If the defense approaches this play in a nickel package, with more than four defensive backs on the field anticipating the pass or an adjustment of any kind, then the Bengals could simply line up and run the ball over the softer unit.
The evolution of the tight end position from an extra offensive lineman to a dynamic receiving threat who can still use his bulk to block defenders has dramatically changed the face of the NFL. While the Bengals are somewhat late to the party, their ability to execute this season should be as impactful as any other.
During the sample of the Bengals’ offense that this analysis was carried out on, it was clear that the Bengals’ base defense has one back, one tight end and three receivers on the field. Although Jermaine Gresham has filled that role for some time, it makes much more sense if Eifert takes over that role from Week 1 as a rookie.

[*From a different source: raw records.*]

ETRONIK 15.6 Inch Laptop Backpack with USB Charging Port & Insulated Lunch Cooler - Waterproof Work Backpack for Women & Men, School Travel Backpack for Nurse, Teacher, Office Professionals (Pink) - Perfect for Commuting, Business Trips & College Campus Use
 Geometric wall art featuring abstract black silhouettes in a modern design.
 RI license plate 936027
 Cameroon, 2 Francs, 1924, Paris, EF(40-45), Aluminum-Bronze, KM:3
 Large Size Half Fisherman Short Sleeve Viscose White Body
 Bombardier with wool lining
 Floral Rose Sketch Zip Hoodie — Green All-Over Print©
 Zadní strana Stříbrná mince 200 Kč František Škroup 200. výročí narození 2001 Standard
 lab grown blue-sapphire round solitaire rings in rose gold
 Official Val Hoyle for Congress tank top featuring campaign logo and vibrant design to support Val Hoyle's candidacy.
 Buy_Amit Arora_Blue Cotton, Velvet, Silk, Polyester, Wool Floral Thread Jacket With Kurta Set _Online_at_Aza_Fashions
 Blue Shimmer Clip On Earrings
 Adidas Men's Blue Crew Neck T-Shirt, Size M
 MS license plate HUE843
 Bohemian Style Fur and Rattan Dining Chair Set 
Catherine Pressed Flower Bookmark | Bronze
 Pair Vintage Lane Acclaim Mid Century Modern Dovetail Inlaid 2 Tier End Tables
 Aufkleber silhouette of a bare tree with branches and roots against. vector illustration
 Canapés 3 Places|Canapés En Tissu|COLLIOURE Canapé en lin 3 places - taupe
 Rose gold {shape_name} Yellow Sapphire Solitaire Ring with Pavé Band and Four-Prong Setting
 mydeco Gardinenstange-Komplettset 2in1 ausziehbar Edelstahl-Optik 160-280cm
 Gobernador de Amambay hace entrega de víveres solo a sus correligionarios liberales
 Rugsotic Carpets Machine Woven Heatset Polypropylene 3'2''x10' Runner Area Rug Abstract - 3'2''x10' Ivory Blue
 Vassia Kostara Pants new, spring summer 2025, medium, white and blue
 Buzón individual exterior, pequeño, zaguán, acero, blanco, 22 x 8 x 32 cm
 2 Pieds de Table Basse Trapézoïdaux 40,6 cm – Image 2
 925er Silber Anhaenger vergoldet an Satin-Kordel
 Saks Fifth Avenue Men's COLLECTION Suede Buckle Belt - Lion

Gresham and Eifert are both receiving tight ends, but they are still very different in what they can do on the field. Gresham has proven to be a big-play threat every time he gets the ball in his hands, but getting to that point can sometimes be a problem. During his three years in the league, Gresham has been targeted 166 times and dropped 24 catchable passes. He doesn’t consistently make the tough receptions over the middle and cannot be relied upon to move the chains from endzone to endzone.
In other words, Gresham is a big-play threat rather than a possession receiver.
Eifert is the opposite. According to esteemed draft analyst Sigmund Bloom:
Eifert has the big frame, long arms and soft hands to be a matchup nightmare in the passing game for smaller defensive players. He is fast and quick enough to line up outside as a wide receiver and still create separation from cornerbacks, but big enough to still make the catch against them when he doesn’t. His body control, routes and release off of the line are all wide receiver quality. Eifert is a clutch performer and will be a quarterback’s favorite, especially in the red zone.
Those are all the traits of a possession receiver on the NFL level. When you look at the Bengals’ prospective base offense, that is the one role that they haven’t properly filled. Of course, AJ Green is going to cover a lot of that, but defenses key in on him so he can’t be looked to every time Dalton needs to convert a third or fourth down.
WR1: AJ Green.WR2: Marvin Jones.
WR3: Mohamed Sanu.
TE: Tyler Eifert.
HB: Giovani Bernard.
That is the personnel grouping that should be on the field the most for the Bengals next year. Green is an elite talent who can do everything, Jones is a sparkplug who isn’t limited to playing in space and making plays, but is at his best when put there. Sanu is a matchup problem from the slot who should be a nightmare to cover in the endzone after showing flashes as a rookie. Eifert is the big body who can be physical and absorb hits as he makes receptions.
In the process of carrying out his own role, Eifert would be taking a huge amount of pressure off of AJ Green and allowing the versatility of those around him to be used more often.
Once that much talent is put on the field together, with an outstanding offensive line and sprinklings of Jermaine Gresham and Andrew Hawkins in different scenarios, even Andy Dalton could lead a team past the first round of the NFL playoffs. At least he already understands that he has no excuses.